• **Your task**
Look below for the line that contains "Philips Lumea S9900", then copy it and each following line exactly, through and including the line that contains "I'm Too Old".

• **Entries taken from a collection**

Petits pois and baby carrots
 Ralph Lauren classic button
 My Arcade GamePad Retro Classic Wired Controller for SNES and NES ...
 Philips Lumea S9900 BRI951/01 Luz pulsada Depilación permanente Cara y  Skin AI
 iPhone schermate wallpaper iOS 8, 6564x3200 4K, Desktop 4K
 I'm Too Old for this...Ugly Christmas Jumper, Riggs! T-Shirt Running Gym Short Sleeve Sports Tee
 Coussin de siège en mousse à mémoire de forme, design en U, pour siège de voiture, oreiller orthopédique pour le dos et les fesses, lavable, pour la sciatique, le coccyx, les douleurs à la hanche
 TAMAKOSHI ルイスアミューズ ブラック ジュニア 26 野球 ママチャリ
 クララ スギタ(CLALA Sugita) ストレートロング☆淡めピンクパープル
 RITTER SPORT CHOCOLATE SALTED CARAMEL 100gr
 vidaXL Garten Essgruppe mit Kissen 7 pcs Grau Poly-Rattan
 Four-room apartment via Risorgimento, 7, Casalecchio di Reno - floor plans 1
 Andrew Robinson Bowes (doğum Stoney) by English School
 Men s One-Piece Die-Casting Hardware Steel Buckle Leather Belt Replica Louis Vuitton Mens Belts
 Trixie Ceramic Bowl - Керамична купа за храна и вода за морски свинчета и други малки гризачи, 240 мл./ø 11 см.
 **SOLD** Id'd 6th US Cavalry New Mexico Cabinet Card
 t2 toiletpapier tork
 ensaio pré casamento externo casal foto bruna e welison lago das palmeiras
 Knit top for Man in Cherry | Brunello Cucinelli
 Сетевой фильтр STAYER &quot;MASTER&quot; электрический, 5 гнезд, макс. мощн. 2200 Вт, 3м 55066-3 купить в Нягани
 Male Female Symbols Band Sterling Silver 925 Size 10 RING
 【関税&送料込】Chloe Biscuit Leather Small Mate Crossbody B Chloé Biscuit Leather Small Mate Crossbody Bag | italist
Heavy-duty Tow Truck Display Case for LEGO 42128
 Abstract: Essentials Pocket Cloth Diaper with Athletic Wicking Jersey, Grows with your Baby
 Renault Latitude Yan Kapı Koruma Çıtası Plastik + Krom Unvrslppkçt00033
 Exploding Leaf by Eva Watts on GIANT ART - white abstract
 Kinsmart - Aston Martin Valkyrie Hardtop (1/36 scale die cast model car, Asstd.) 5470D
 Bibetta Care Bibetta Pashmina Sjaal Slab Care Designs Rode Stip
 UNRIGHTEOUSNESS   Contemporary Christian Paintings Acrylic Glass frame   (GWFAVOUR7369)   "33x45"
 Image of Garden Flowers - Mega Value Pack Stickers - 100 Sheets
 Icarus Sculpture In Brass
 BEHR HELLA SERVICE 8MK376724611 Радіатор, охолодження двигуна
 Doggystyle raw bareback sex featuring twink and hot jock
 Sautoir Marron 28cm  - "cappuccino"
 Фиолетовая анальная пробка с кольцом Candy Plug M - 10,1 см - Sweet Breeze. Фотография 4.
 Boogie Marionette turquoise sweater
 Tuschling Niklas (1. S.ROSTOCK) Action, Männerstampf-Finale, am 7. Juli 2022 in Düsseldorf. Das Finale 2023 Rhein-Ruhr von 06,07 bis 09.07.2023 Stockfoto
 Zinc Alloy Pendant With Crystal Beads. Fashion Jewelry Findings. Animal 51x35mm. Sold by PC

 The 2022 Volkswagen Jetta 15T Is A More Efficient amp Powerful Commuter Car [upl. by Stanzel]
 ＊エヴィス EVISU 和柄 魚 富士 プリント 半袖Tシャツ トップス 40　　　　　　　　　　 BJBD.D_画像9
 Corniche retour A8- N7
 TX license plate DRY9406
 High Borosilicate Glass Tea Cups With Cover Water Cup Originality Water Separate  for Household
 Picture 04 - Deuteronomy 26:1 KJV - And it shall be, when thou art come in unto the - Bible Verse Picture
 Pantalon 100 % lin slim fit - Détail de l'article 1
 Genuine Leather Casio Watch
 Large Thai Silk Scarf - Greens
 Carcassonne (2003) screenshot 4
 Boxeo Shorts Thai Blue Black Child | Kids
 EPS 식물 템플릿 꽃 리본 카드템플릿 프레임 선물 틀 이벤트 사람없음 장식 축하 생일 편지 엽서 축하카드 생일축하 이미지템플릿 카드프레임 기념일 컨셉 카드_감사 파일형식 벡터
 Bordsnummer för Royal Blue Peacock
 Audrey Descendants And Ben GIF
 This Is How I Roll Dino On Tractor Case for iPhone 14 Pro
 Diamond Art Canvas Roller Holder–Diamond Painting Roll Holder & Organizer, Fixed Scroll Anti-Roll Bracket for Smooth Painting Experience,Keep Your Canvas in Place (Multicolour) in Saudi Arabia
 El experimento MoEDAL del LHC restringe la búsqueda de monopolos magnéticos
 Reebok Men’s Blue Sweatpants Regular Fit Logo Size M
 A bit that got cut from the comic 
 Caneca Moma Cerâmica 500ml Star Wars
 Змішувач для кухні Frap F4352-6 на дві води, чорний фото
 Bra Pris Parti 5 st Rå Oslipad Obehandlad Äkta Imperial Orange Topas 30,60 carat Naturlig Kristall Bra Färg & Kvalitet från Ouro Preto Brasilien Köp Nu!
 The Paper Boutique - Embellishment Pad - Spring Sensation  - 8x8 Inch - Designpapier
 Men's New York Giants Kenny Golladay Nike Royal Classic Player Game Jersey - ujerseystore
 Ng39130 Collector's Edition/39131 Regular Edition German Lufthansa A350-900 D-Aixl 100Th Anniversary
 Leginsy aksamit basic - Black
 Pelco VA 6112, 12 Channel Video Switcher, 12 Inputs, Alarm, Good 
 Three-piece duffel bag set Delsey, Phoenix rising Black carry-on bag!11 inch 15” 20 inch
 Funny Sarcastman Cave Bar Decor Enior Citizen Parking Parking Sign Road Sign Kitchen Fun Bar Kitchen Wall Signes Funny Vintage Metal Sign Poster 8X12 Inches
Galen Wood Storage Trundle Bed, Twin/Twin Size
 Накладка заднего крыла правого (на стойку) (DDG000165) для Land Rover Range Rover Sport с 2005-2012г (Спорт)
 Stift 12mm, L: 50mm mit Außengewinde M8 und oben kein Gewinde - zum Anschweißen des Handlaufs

• **Answer area**
 Philips Lumea S9900 BRI951/01 Luz pulsada Depilación permanente Cara y  Skin AI
 iPhone schermate wallpaper iOS 8, 6564x3200 4K, Desktop 4K
 I'm Too Old for this...Ugly Christmas Jumper, Riggs! T-Shirt Running Gym Short Sleeve Sports Tee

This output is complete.